Généralement, une poignée d’artefacts suffit à établir la présence humaine sur un site archéologique. Or, Juukan 2 a permis de trouver des milliers d’objets, dont de nombreux outils recouverts de résine de spinifex, probablement utilisée comme une sorte de colle.

Le site a également révélé des informations précieuses sur la faune de la région au fil des siècles. Des ossements d’animaux morts naturellement et d’autres, liés à la consommation de kangourous, d’émeus et même d’échidnés par les humains ont aussi été découverts. Les fouilles ont permis de trouver l’outil en os le plus ancien connu à ce jour en Australie, fabriqué avec un os de kangourou, il y a environ 30 000 ans.

Parmi les vestiges, une tresse de cheveux humains datant d’environ 3000 ans a également été identifiée. Une analyse ADN a révélé qu’elle appartenait probablement à des membres du peuple Puutu Kunti Kurrama.

L’équipe de chercheurs à Juukan Gorge en 2014 – @ Scarp Archaeology/PKKP Aboriginal Corporation

Juukan Gorge : une cicatrice dans l’âme des autochtones

Ce site ayant été une véritable encyclopédie à ciel ouvert, la destruction de Juukan Gorge aura de nombreuses répercussions sur les futures générations. Les peintures rupestres, les outils et les ossements qui y ont été découverts témoignaient de l’évolution culturelle et technologique du peuple Puutu Kunti Kurrama pendant des millénaires.

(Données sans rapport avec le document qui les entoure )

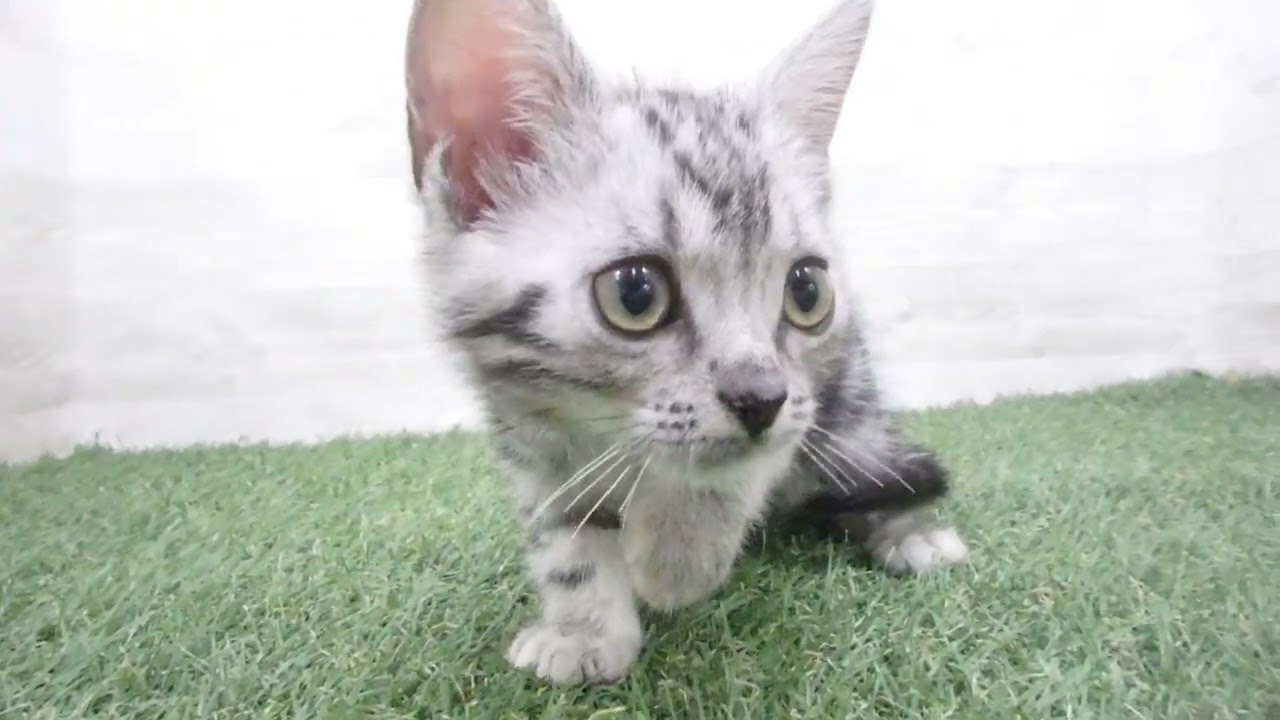 Coo&RIKU　No00680753 アメリカンショートヘアー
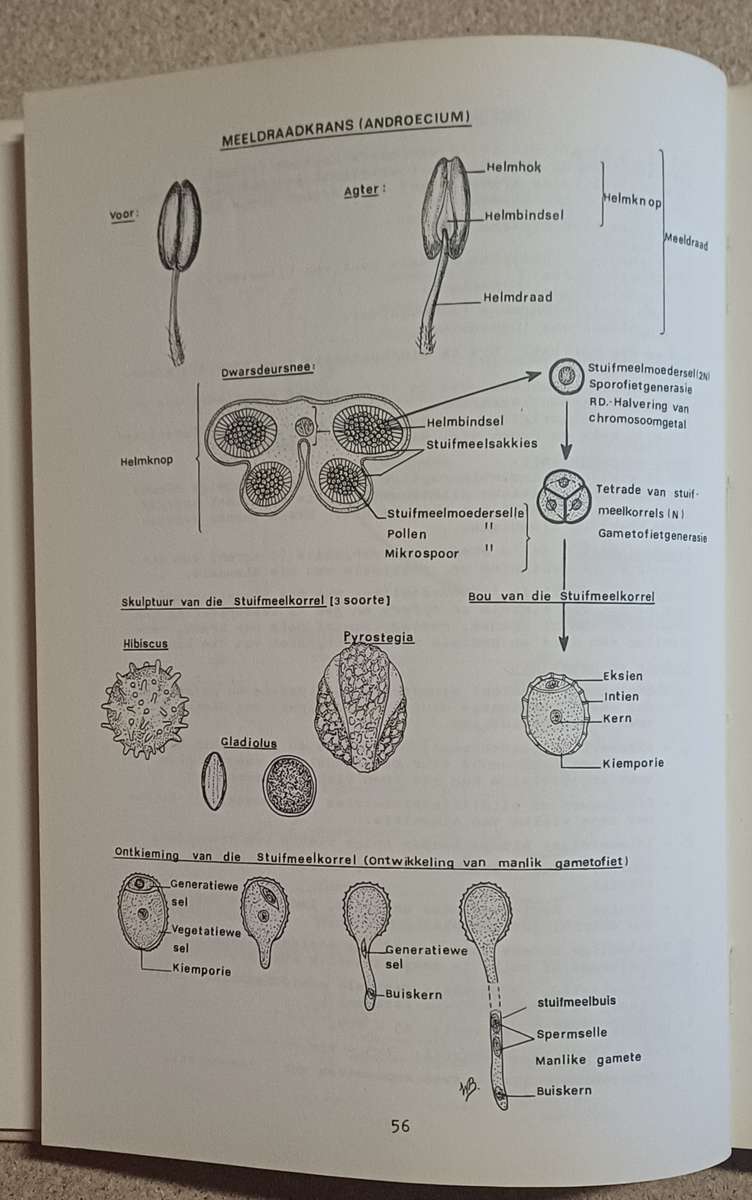 ALGEMENE PLANTKUNDE H. P. van der Schijff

Avec la destruction de ces vestiges, c’est une partie essentielle de leur histoire et de leur identité qui a été effacée à tout jamais. Les connaissances transmises oralement de génération en génération finissent par se perdre lorsqu’il n’y a plus de preuves matérielles pour les étayer. Un traumatisme collectif, destiné à satisfaire la soif d’enrichissement éphémère des industriels.

Cette tragédie aux conséquences durables a mis en évidence notamment la fragilité du patrimoine culturel des peuples premiers face aux intérêts économiques privés. Mais au-delà de l’aspect humain, la destruction de Juukan Gorge soulève également des questions fondamentales quant à la souveraineté des peuples autochtones, victimes depuis des siècles de l’oppression occidentale.

Quid de la suite des événements ?

Depuis la destruction de 2020, les chercheurs ont entamé de nouvelles fouilles sur le site. Au cours des deux dernières années, ils ont retiré 150 mètres cubes de décombres qui constituaient autrefois le toit et le mur arrière de la grotte. Sous ces débris, ont été découvertes des traces de matière organique, puis des vestiges du sol d’origine de la grotte.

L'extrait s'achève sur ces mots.